> ACTION ITEM
Return each line of the data below exactly, omitting any pictures.

> MATERIAL PROVIDED

####

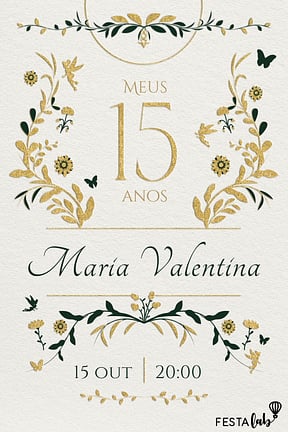 Modelo de Convite de Aniversario de 15 anos - Jardim dourado 15 anos Convite de Aniversario de 15 anos - Jardim dourado 15 anos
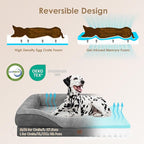 EHEYCIGA Memory Foam XL Dog Bed for XLarge Sized, Extra Large Orthopedic Dog Sofa with Sides and Waterproof Liner, Washable Bolster Pet Bed Couch with Removable Cover, 42x30x7.5 Inch, Grey
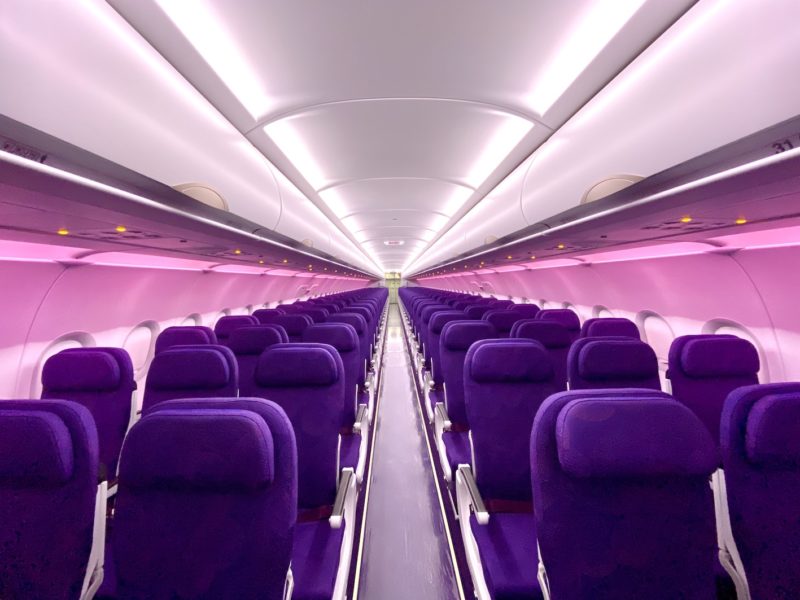 a row of purple seats in an airplane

####

> OUTPUT OF THE EXERCISE
 Modelo de Convite de Aniversario de 15 anos - Jardim dourado 15 anos Convite de Aniversario de 15 anos - Jardim dourado 15 anos
 EHEYCIGA Memory Foam XL Dog Bed for XLarge Sized, Extra Large Orthopedic Dog Sofa with Sides and Waterproof Liner, Washable Bolster Pet Bed Couch with Removable Cover, 42x30x7.5 Inch, Grey
 a row of purple seats in an airplane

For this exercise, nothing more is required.